BEGIN DATA PROVIDED

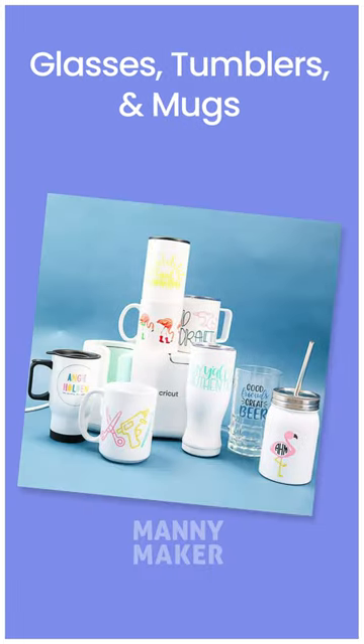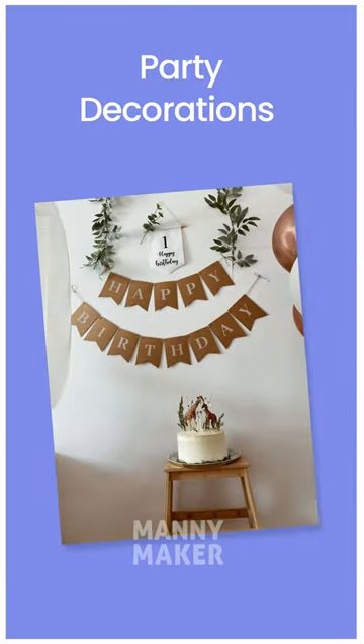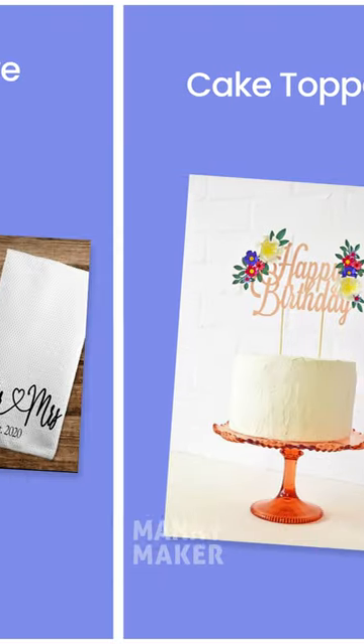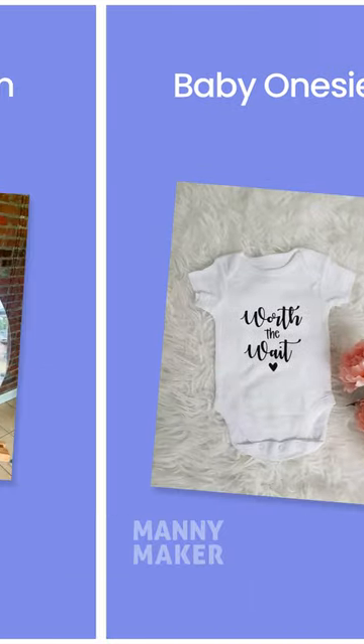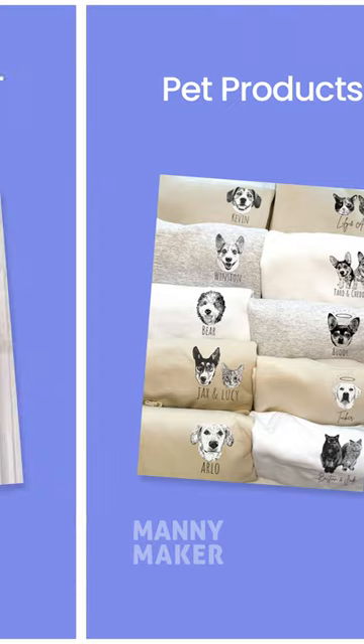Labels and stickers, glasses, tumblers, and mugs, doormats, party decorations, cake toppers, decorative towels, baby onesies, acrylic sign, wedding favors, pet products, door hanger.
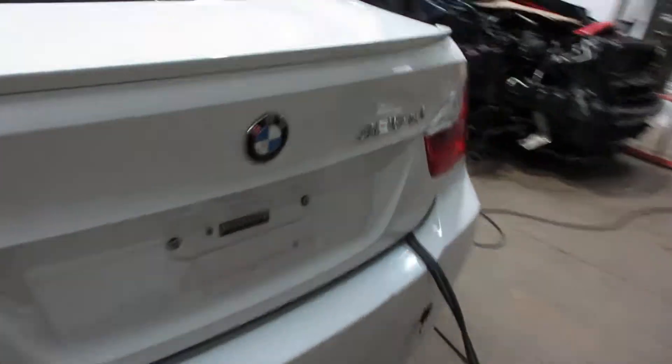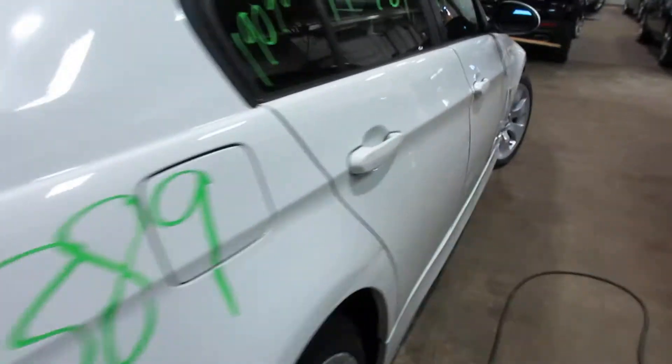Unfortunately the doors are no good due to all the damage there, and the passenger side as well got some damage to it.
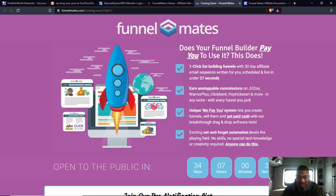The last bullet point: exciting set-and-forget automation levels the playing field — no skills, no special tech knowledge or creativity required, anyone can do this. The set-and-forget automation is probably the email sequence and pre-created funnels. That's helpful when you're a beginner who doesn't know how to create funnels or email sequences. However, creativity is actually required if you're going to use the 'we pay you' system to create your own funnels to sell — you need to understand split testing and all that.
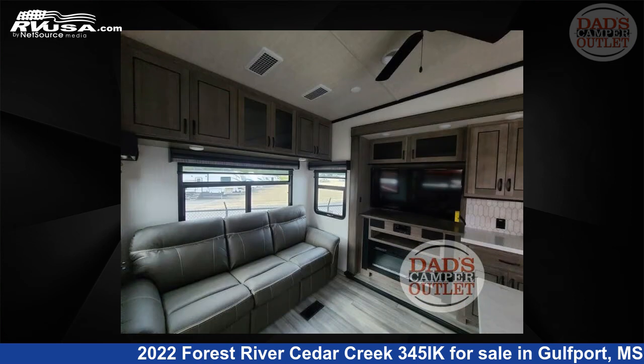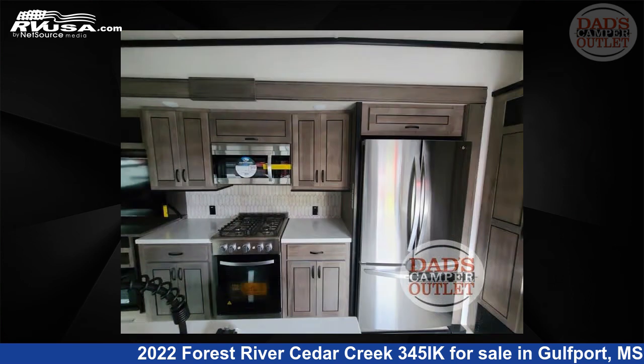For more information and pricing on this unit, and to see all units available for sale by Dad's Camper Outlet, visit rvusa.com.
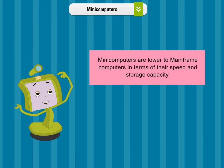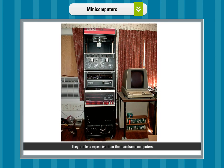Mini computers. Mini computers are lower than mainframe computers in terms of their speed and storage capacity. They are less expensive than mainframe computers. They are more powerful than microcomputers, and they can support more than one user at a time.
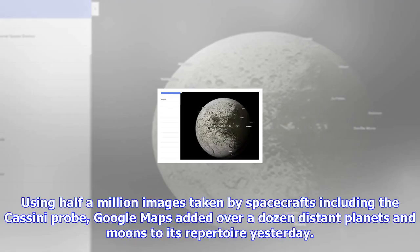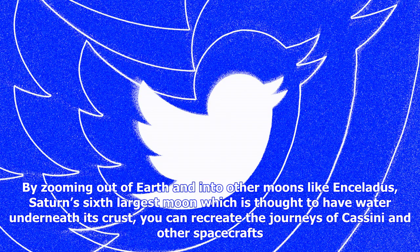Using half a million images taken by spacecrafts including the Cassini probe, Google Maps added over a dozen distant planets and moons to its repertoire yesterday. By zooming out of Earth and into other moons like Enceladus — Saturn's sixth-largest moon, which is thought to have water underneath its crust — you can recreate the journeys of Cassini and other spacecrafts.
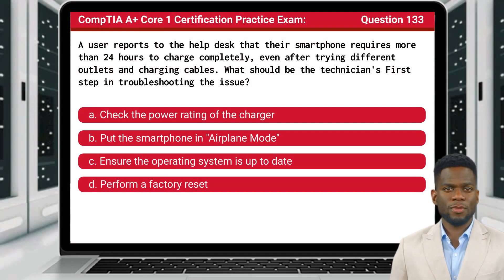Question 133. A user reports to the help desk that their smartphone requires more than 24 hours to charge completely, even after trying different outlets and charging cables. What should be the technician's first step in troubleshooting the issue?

END DATA PROVIDED
BEGIN DATA PROVIDED

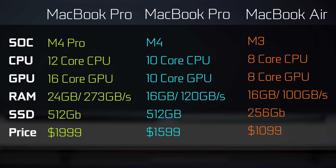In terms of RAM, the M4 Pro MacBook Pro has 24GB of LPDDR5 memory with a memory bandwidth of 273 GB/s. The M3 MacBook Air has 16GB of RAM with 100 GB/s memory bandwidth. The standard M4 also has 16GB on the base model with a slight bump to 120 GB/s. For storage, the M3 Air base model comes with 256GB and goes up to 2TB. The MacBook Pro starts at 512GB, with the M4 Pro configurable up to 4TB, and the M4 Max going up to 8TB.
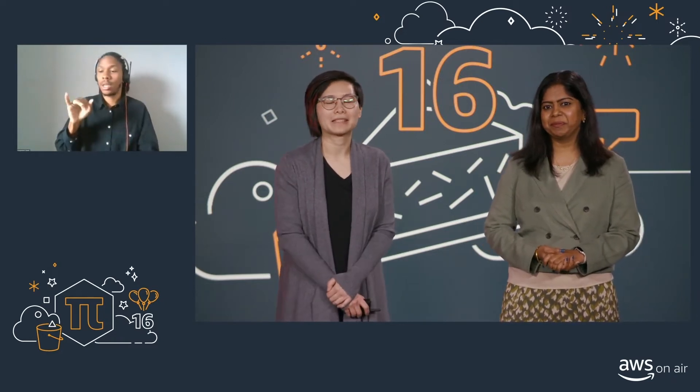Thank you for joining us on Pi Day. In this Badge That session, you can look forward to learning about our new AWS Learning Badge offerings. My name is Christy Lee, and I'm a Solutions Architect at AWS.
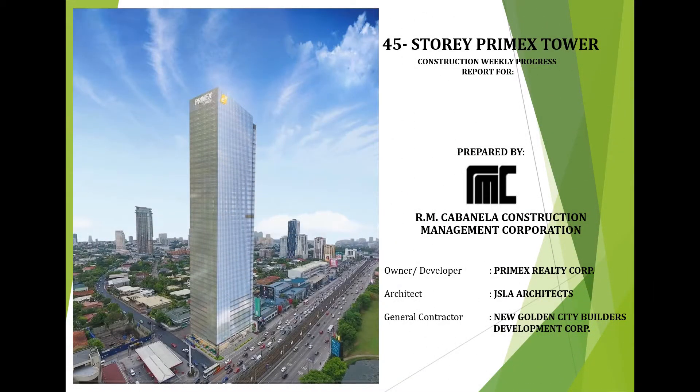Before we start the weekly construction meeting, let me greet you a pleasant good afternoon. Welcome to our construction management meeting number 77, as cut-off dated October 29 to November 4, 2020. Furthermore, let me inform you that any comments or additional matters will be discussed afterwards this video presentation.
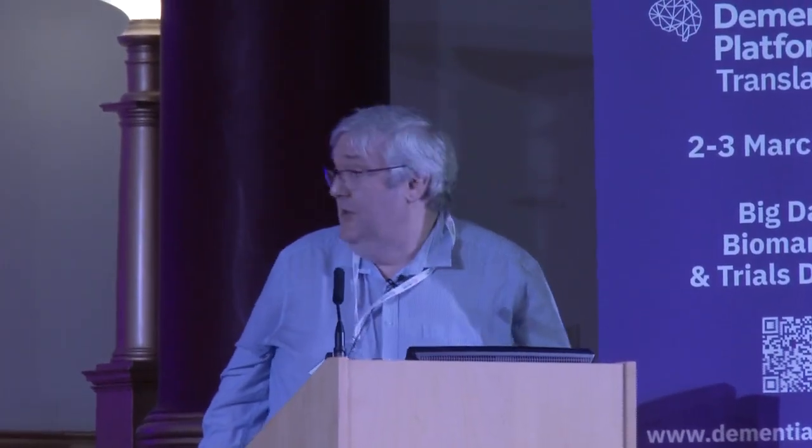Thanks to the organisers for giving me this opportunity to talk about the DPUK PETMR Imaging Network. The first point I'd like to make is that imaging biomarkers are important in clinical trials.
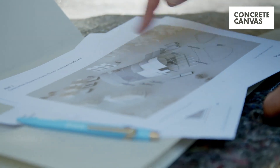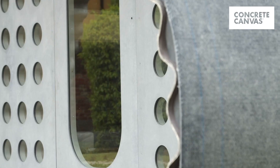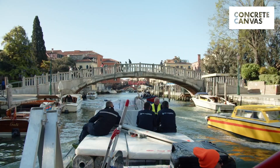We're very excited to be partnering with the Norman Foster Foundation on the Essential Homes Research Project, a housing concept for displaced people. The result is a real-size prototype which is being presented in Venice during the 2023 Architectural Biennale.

END DATA PROVIDED

= WHAT THE EXERCISE ASKS =
Respond with the exact lines above running from the one containing "Using half a" to the one containing "Question 133. A", both ends kept and no pictures included.

= ANSWER TO THIS EXERCISE =
Using half a million images taken by spacecrafts including the Cassini probe, Google Maps added over a dozen distant planets and moons to its repertoire yesterday. By zooming out of Earth and into other moons like Enceladus — Saturn's sixth-largest moon, which is thought to have water underneath its crust — you can recreate the journeys of Cassini and other spacecrafts.
Question 133. A user reports to the help desk that their smartphone requires more than 24 hours to charge completely, even after trying different outlets and charging cables. What should be the technician's first step in troubleshooting the issue?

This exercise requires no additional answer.